The data -
= = = =

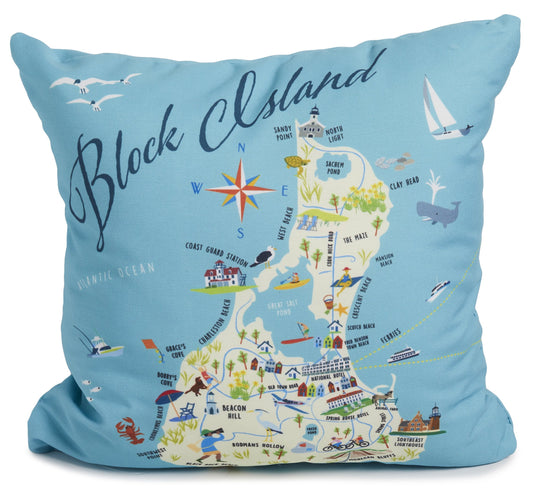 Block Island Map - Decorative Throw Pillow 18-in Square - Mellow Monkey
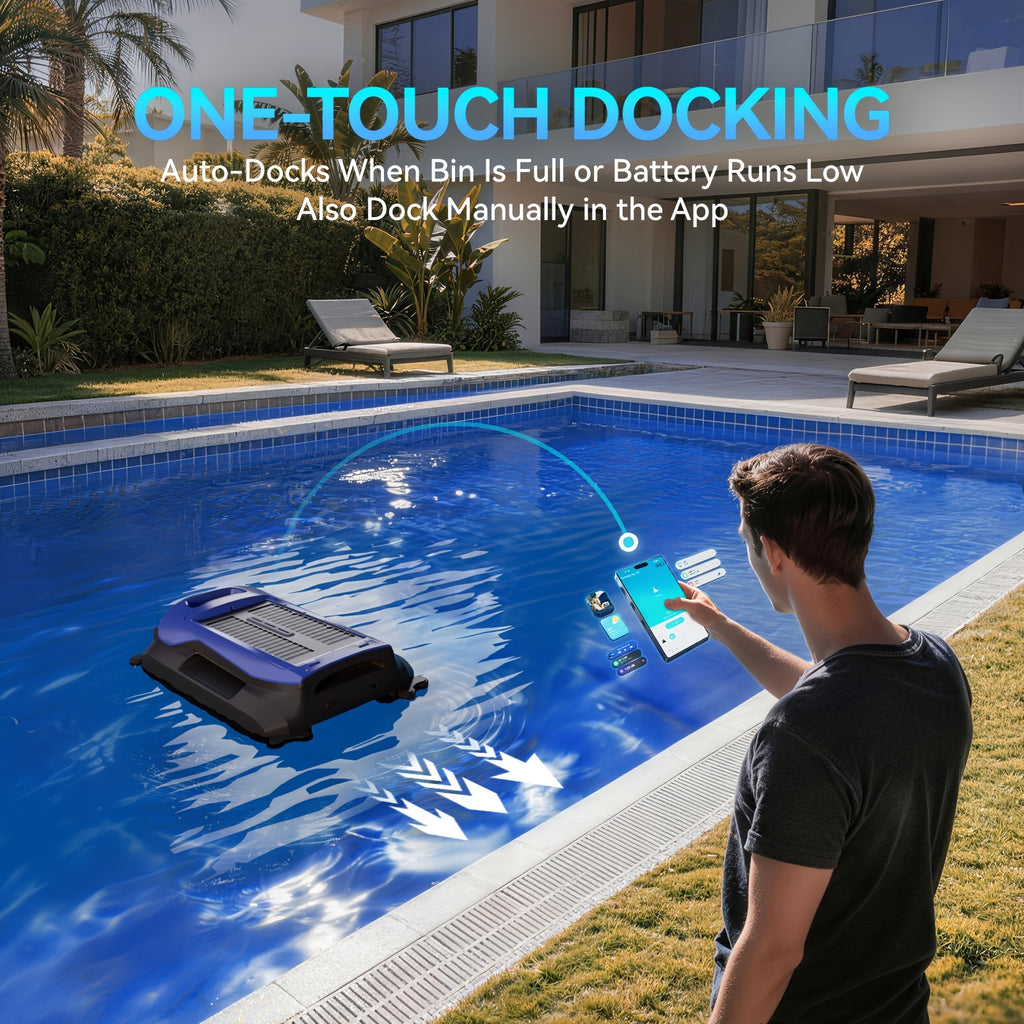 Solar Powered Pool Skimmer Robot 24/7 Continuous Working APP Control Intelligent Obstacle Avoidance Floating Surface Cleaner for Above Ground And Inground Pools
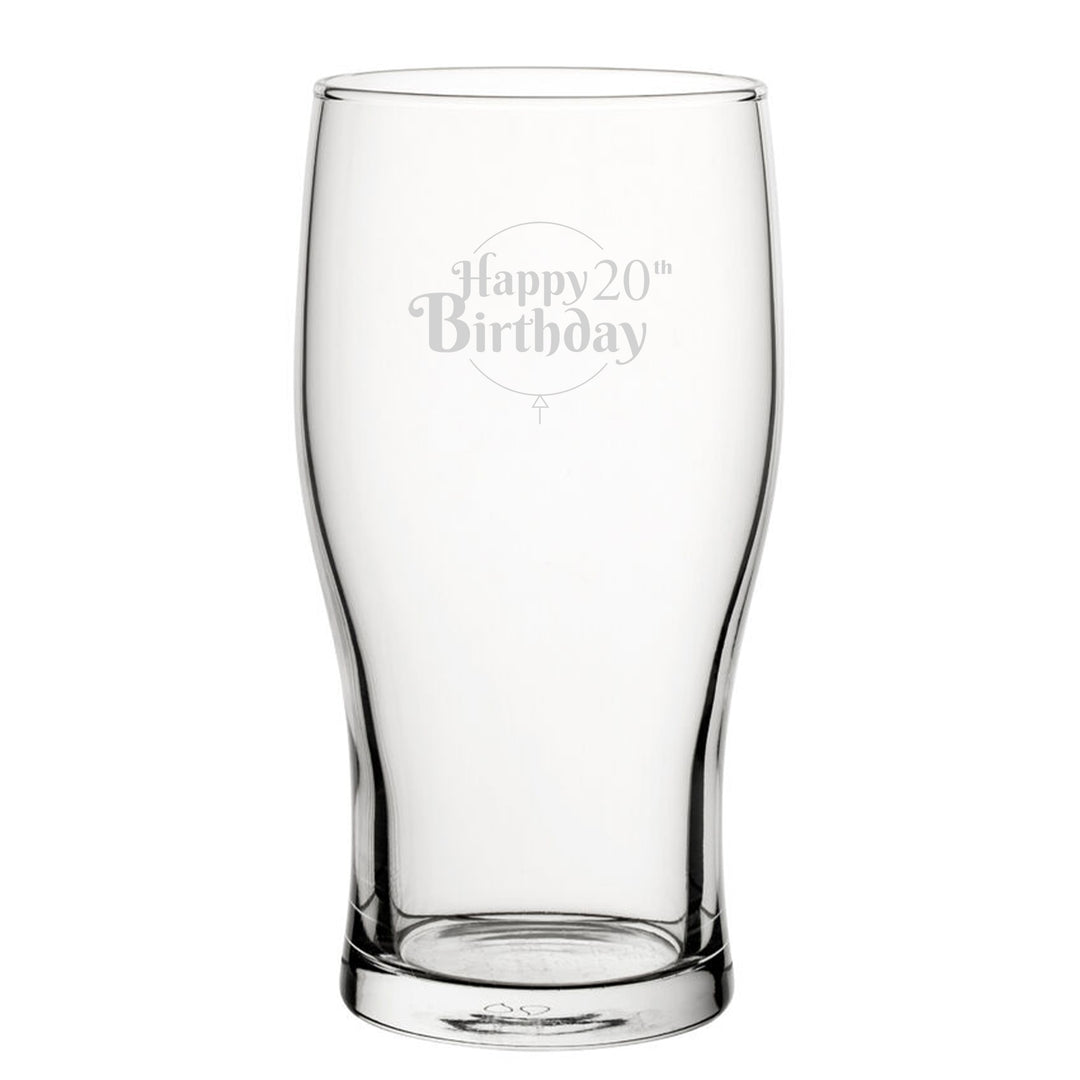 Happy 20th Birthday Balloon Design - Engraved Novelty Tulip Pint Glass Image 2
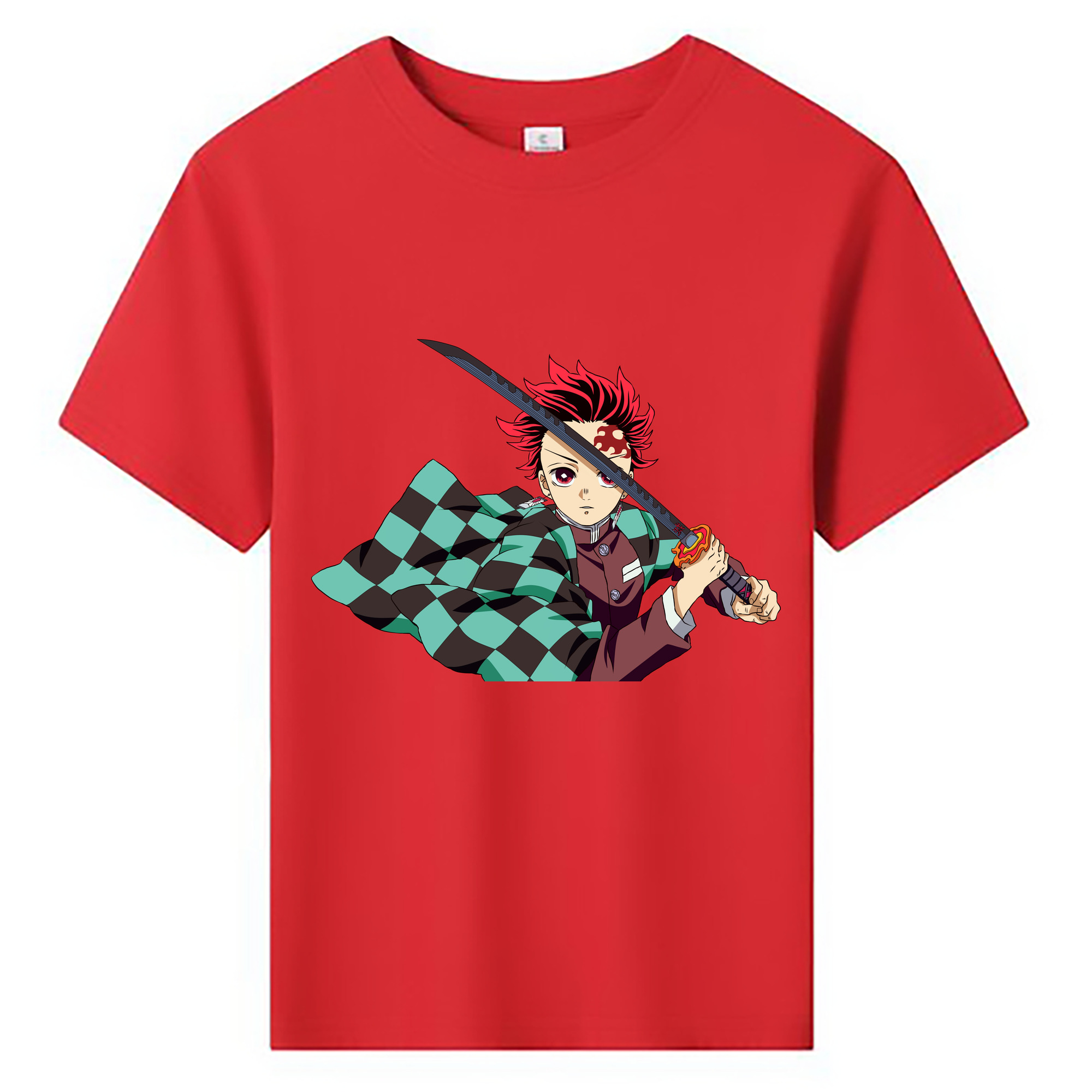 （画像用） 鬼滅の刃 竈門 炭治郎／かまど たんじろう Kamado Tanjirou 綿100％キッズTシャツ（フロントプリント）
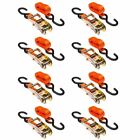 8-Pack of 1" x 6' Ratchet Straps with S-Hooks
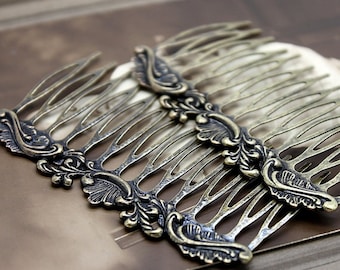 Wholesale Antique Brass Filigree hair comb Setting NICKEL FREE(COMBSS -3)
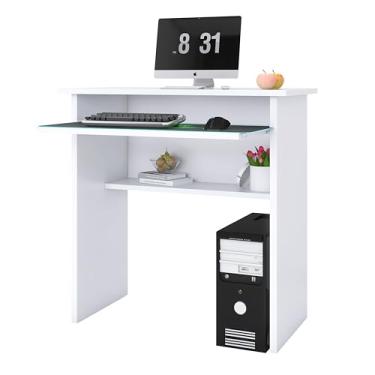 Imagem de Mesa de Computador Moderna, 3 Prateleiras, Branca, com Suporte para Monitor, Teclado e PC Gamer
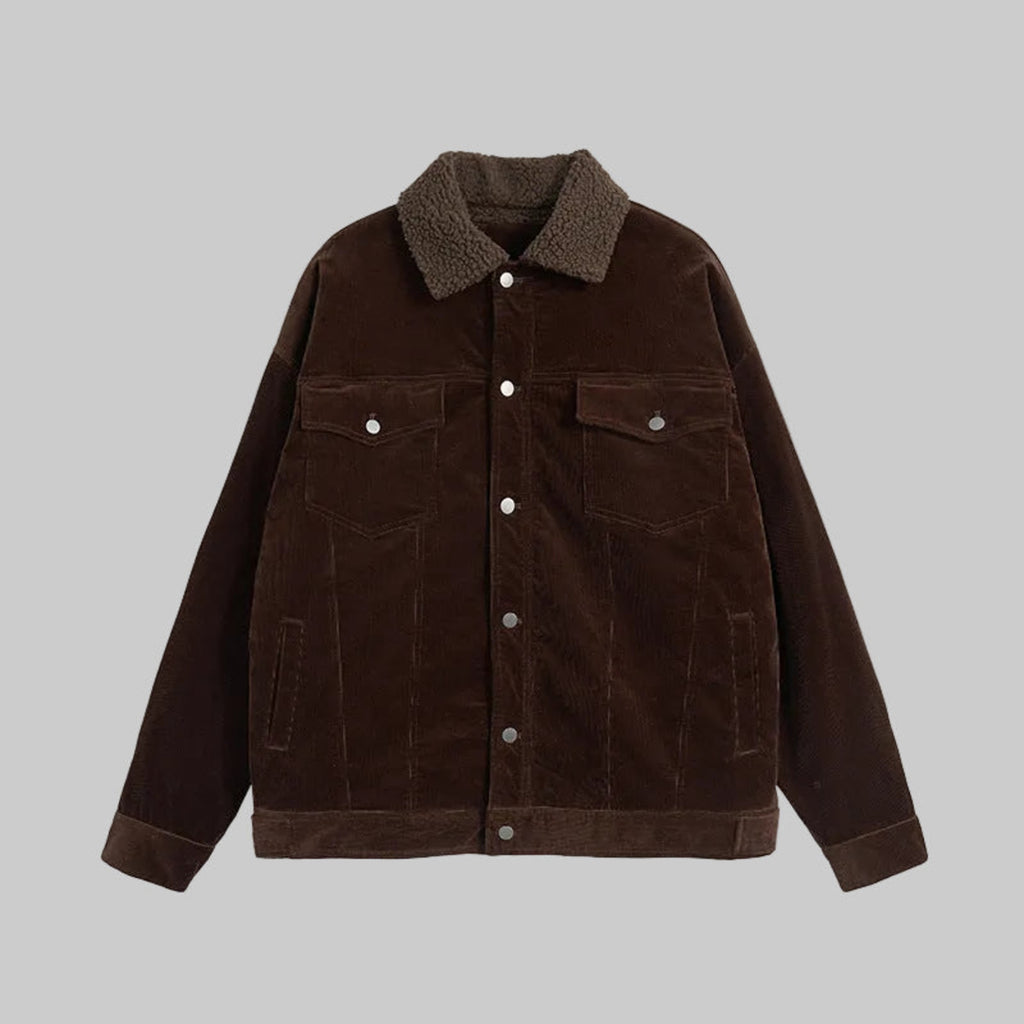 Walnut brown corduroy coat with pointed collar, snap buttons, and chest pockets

= = = =

Once the pictures are removed, write out all of the entries above exactly.

Expected answer -
 Block Island Map - Decorative Throw Pillow 18-in Square - Mellow Monkey
 Solar Powered Pool Skimmer Robot 24/7 Continuous Working APP Control Intelligent Obstacle Avoidance Floating Surface Cleaner for Above Ground And Inground Pools
 Happy 20th Birthday Balloon Design - Engraved Novelty Tulip Pint Glass Image 2
 （画像用） 鬼滅の刃 竈門 炭治郎／かまど たんじろう Kamado Tanjirou 綿100％キッズTシャツ（フロントプリント）
 8-Pack of 1" x 6' Ratchet Straps with S-Hooks
 Wholesale Antique Brass Filigree hair comb Setting NICKEL FREE(COMBSS -3)
 Imagem de Mesa de Computador Moderna, 3 Prateleiras, Branca, com Suporte para Monitor, Teclado e PC Gamer
 Walnut brown corduroy coat with pointed collar, snap buttons, and chest pockets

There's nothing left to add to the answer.